(Reuters) - Garmin Ltd (GRMN.O) reported a better-than-expected 10 percent rise in quarterly revenue as higher sales of its fitness and aviation devices made up for shrinking sales of personal navigation devices, a market it once dominated.
The company’s net income rose to $118.8 million, or 61 cents per share, in the first quarter ended March 29, from $88.7 million, or 45 cents per share, a year earlier.
Pro-forma earnings were 55 cents per share.
Revenue rose to $583.2 million from a year earlier.
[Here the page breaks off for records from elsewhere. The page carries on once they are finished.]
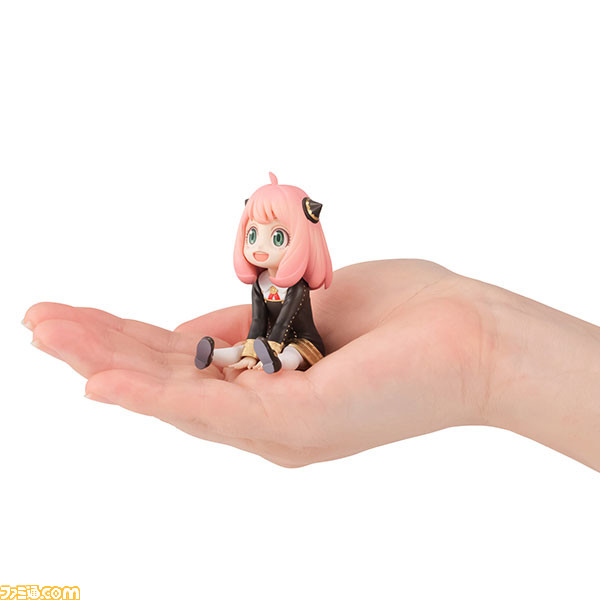 『SPY×FAMILY』アーニャが“てのひらシリーズ”のフィギュアになって登場! キメラさんのぬいぐるみも付属【アーニャ、かわいい!】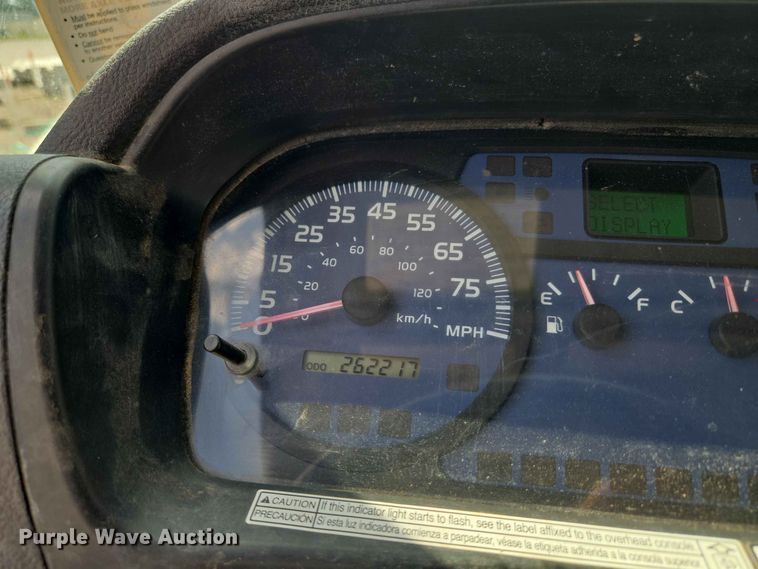 image for item EW8616 2010 Hino 268 box truck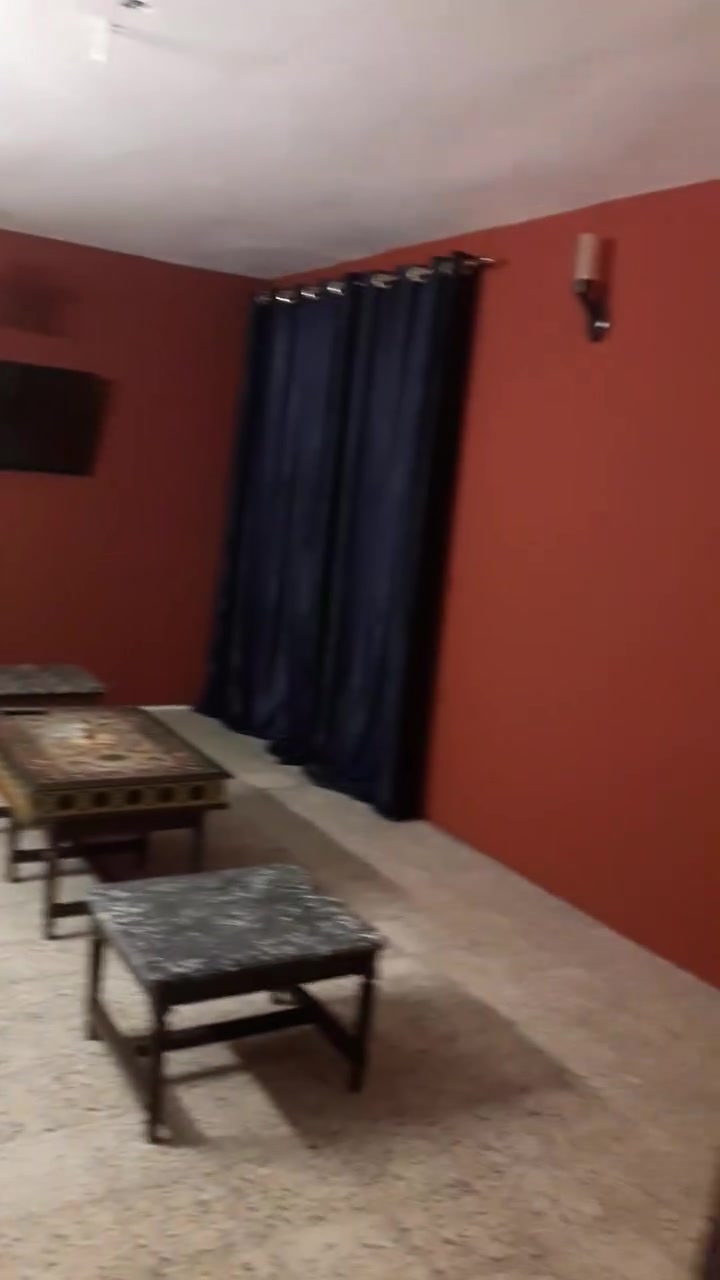 مشتمل للإيجار / اليرموك محله ٦١٢ / فرع مثلجات بردا / طابق ثاني/ شبه مؤاثث / قيمة بدل الاجار 900$ /// كهرباء خصخصة / هاتف *********** 
ملاحظه: يعفى المستأجر من تسديد ( اي اجور ) للماء و الكهرباء .. مجاني .
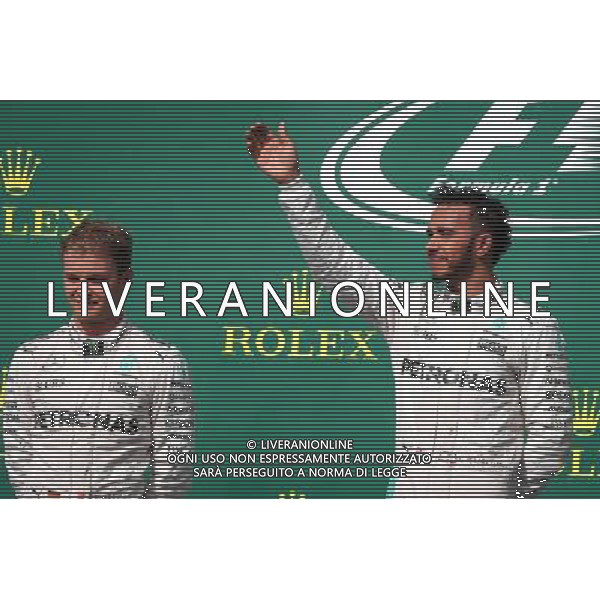 Nico Rosberg (GER) Mercedes AMG Petronas F1 W07 and Lewis Hamilton (GBR) Mercedes AMG F1 W07 . 23.10.2016. Formula 1 World Championship, Rd 18, United States Grand Prix, Austin, Texas, USA, Race Day. AG ALDO LIVERANI SAS ONLY ITALY
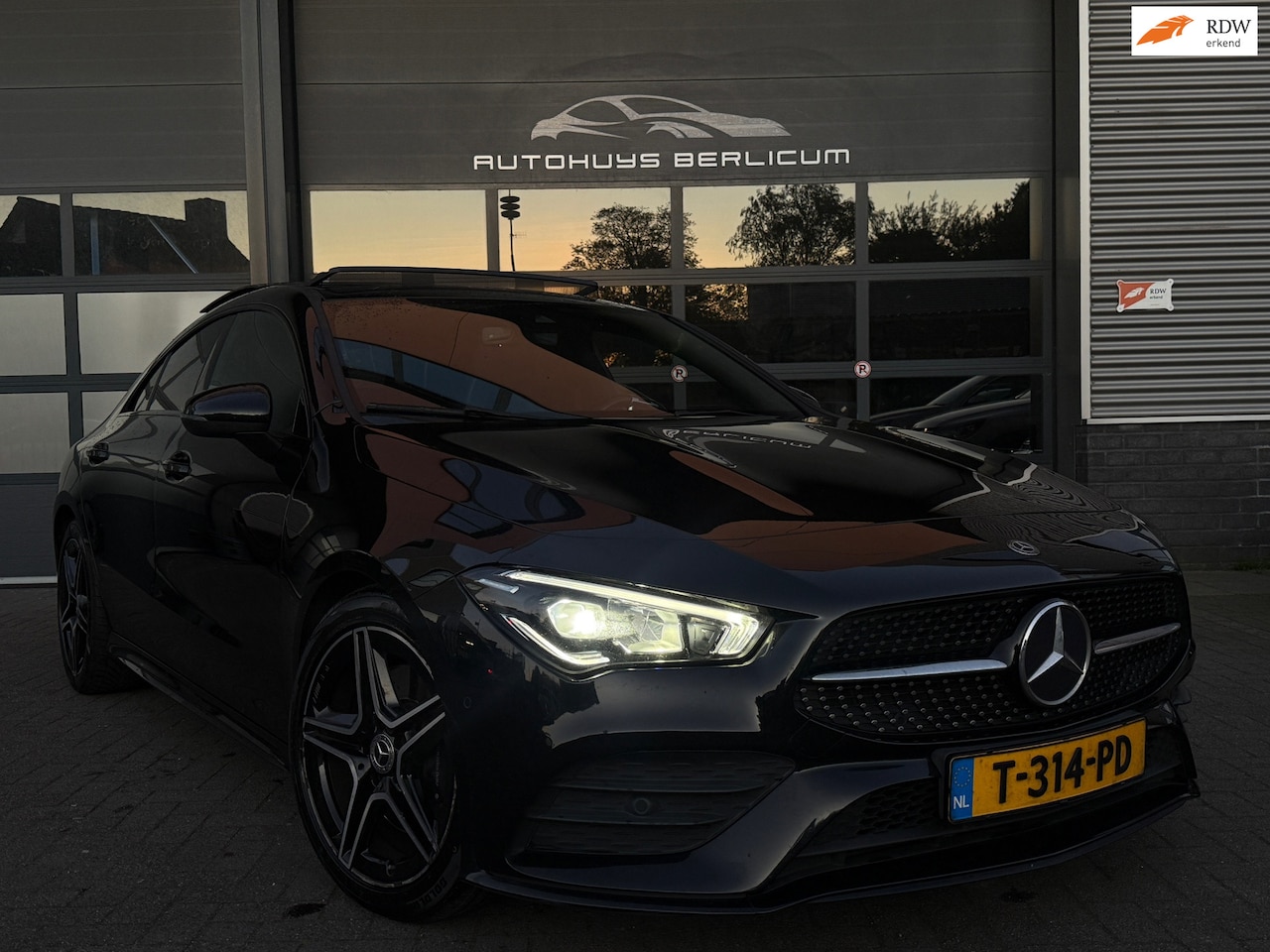 Mercedes-Benz CLA-Klasse - 200 Business Solution AMG Pano Sfeer Camera Navi - AutoWereld.nl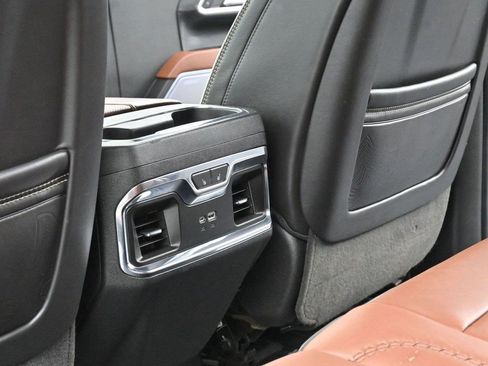 Used 2024 GMC Sierra 3500 Denali Ultimate AWD/4WD image 31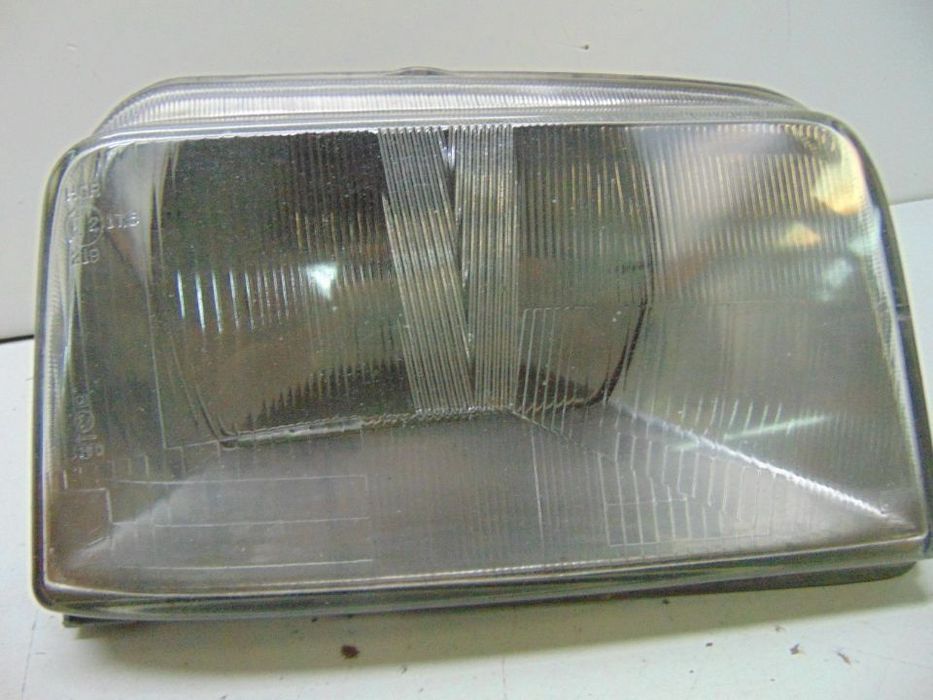 Audi80 farol direito/Renault super 5 farois originais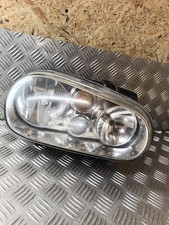 Optique avant principal droit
Analysts on average had expected earnings of 44 cents per share on revenue of $541 million, according to Thomson Reuters
Sales at the fitness business, which makes products such as GPS-enabled watches to count calories and monitor heart beats, rose 38 percent to $100.3 million.
The unit was the second-largest revenue contributor after the automotive/mobile business, where sales dropped 4 percent.
Sales in the aviation business rose 19 percent to $95.9 million in the quarter. The unit sells products such as audio panels and collision avoidance systems to aircraft makers including Cessna (TXT.N) and Bombardier Inc (BBDb.TO).
Rival TomTom (TOM2.AS) on Tuesday increased its outlook for 2014, boosted by stronger-than-expected results in the first quarter and a one-off tax settlement.